Il 23 febbraio un mediatore, a cui la famiglia di Hudhud si era rivolto per cercare un contatto coi servizi di sicurezza, ha incontrato il direttore dell’ospedale psichiatrico di Abassiya, il quale ha confermato che Hudhud era sotto osservazione per un periodo di 45 giorni, in un reparto sotto il controllo dell’Agenzia per la sicurezza nazionale, motivo per cui non era possibile fargli visita.

Il 4 aprile un amico di Hudhud ha ricevuto una telefonata dall’interno dell’ospedale psichiatrico di Abassiya, che lo informava che l’uomo era morto un mese prima. Cinque giorni dopo, un agente di polizia ha informato della morte un fratello di Hudhud, chiedendo di venire a recuperare la salma.

Quando la famiglia ha chiesto il permesso di sepoltura, la procura ha risposto che della vicenda si era già occupato un ente che gestisce un cimitero dove vengono sepolti i corpi non reclamati.

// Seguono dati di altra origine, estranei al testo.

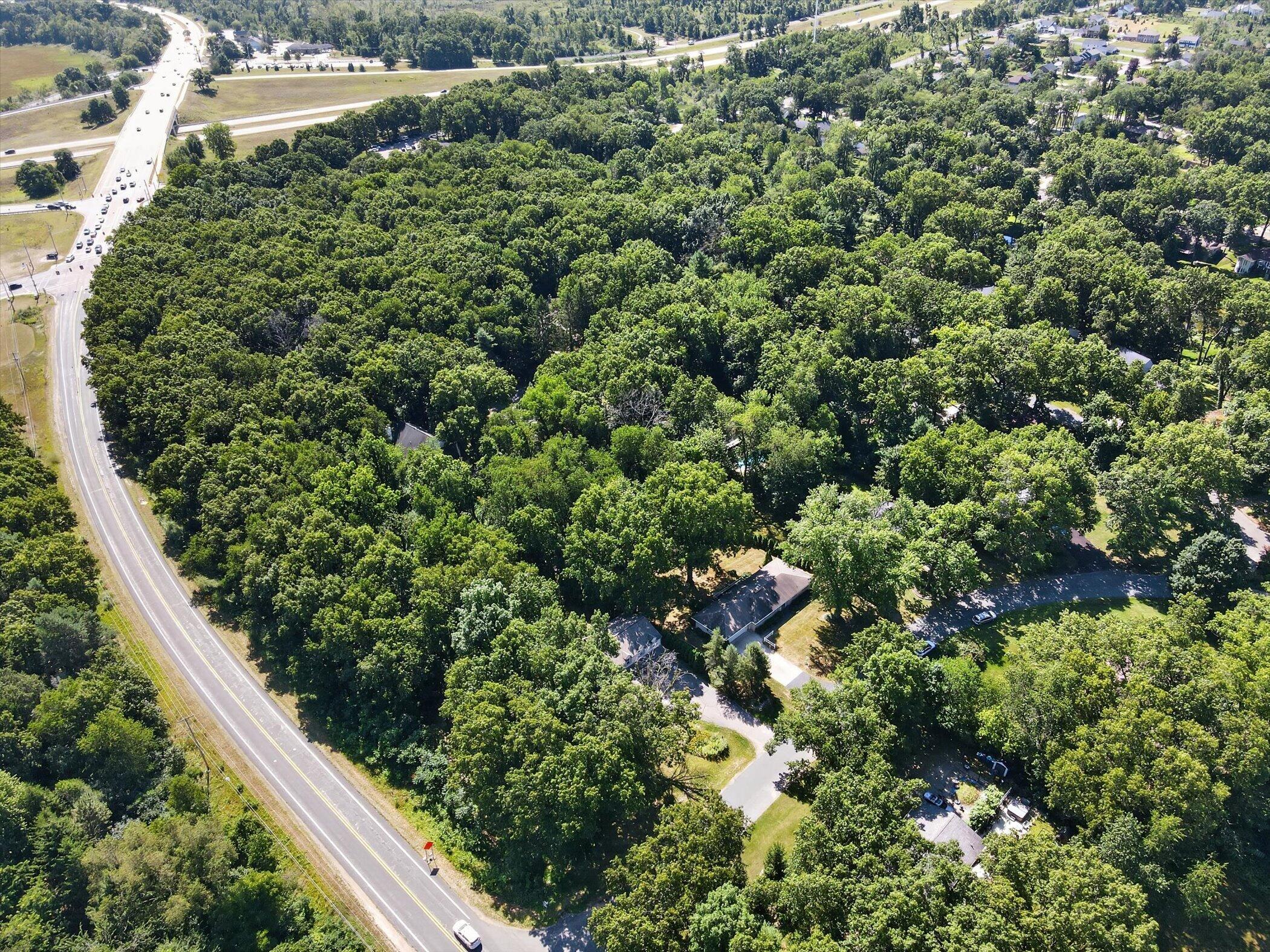 8047 Oak Hill Drive Kalamazoo MI 49009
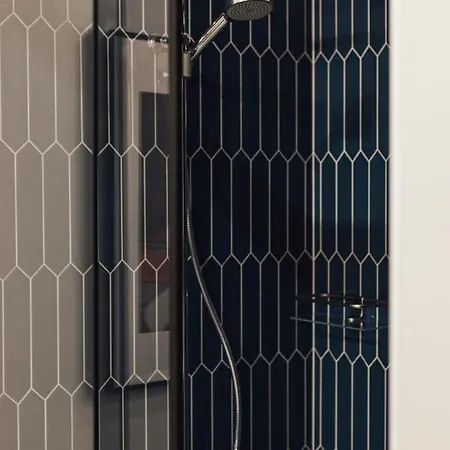 Avotu New And Cozy Place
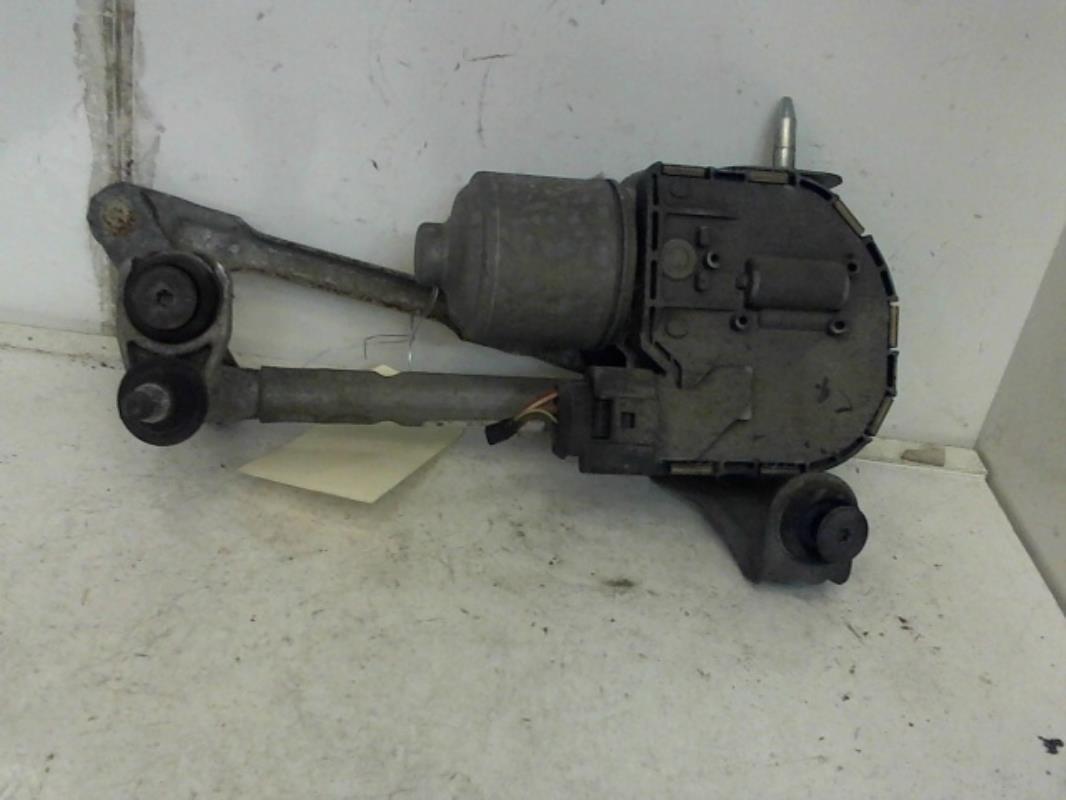 Moteur essuie glace avant droit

La stessa procura, il 12 aprile, ha annunciato l’apertura di un’indagine, precisando che la morte “non era sospetta” e che con ogni probabilità Hudhud aveva contratto il Covid-19. A seguito dell’autopsia eseguita il giorno prima, sempre secondo la procura, non erano state ravvisate ferite. Pertanto, il decesso doveva essere stato causato da “un profondo calo della pressione sanguigna, seguito da un arresto cardiaco”.

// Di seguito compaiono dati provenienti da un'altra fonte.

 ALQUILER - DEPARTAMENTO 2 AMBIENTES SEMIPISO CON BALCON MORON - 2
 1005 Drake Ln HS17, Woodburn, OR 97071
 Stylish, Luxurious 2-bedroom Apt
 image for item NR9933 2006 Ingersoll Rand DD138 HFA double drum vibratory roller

Derrick Pounder, un medico forense indipendente che ha esaminato la salma dopo l’autopsia, ha riferito ad Amnesty International una serie di segni sugli avambracci e sul lato sinistro del volto di Hudhud. Questi segni non potevano essere riferibili al normale processo di decomposizione del corpo, bensì a “ferite ripetute e sistematiche inflitte quando era ancora in vita, in altre parole maltrattamenti o torture” dovuti più a bruciature che a pestaggi.

L’analisi di Pounder è corroborata da due testimoni oculari che hanno notato ferite al volto e alla testa di Hudhud il 10 aprile, quando il corpo era nella camera mortuaria in attesa che venisse eseguita l’autopsia.

Secondo le versioni diffuse il 10 aprile dal ministro dell’Interno e il 12 aprile dalla procura, il 6 febbraio Hudhud avrebbe tentato di forzare un appartamento nel quartiere cairota di Zamalek. Fermato dal portiere, avrebbe iniziato a “comportarsi in modo irresponsabile” essendo affetto da “schizofrenia, scarsa concentrazione e attenzione, manie persecutorie e di grandezza” e a “delirare in modo incomprensibile”. Pertanto, il 7 febbraio sarebbe stato trasferito in un ospedale psichiatrico.

Secondo un agente di polizia in servizio presso l’ospedale psichiatrico di Abassiya, Hudhud non vi sarebbe stato ricoverato fino al 23 febbraio. Un altro agente di polizia ha dichiarato che l’uomo era stato arrestato perché “aveva tentato di rubare un’automobile”.

La famiglia ha dichiarato che Hudhud era stressato e preoccupato per la sua situazione finanziaria ma teme che queste condizioni possano essere usate per nascondere il fatto che sia stato ucciso.

Sui suoi profili social, Hudhud criticava regolarmente le politiche economiche del governo.